A Xerox Corp. fechou um acordo de terceirização com a Flextronics, em nível mundial, de unidades fabris, avaliado em US$ 220 milhões. A unidade de Resende, Estado do Rio de Janeiro, responsável pela fabricação de produtos para o segmento escritórios, está incluída na negociação.
O presidente da Xerox do Brasil, Guilherme Bittencourt, em entrevista ao CW Online garante que os funcionários da fábrica serão incorporados pela Flextronics. Não haverá demissões. A Flextronics irá produzir os equipamentos para a Xerox do Brasil, mas poderá utilizar a unidade fabril para produção de quaisquer outros produtos, informa o executivo.
A Xerox mantém o controle total das unidades fabris da Bahia onde há a produção de componentes para copiadoras e de Manaus, voltada para a produção de componentes para o segmento residencial e de escritórios de menor porte. Não conseguimos fazer a terceirização dessa unidade. Portanto, ela permanece sob a nossa total responsabilidade. Ela ganha atenção para o mercado externo, adiantou Bittencourt.

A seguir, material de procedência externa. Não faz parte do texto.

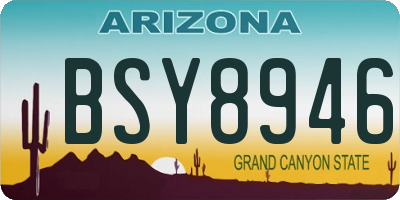 AZ license plate BSY8946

Em junho desse ano, em mais uma etapa da sua reestruturação mundial, a Xerox anunciou a sua decisão de abandonar o segmento residencial e de pequenos escritórios, com isso, houve o interesse da subsidiária local de se desfazer da unidade de Manaus.
Com relação à crise econômica, Bittencourt assegura que a Xerox do Brasil finalizou o seu processo de reestruturação que culminou na demissão de mais de 600 funcionários. Concluímos as demissões no mês de setembro. Agora, estamos adequando os funcionários ao novo modelo de negócios, entre eles o ASP e a oferta de soluções agregadas, enfatizou.
Com relação ao último trimestre de 2001, o presidente da Xerox do Brasil admite que as dificuldades serão muitas taxas de juros elevadas e as oscilações constantes do câmbio permanecem mas, há possibilidade de uma recuperação. O mercado precisará reagir. E esse último trimestre é sempre marcado pelas compras de fim de planejamento fiscal e pelo Natal. Mas, é claro que o cenário não é dos mais otimistas, finalizou.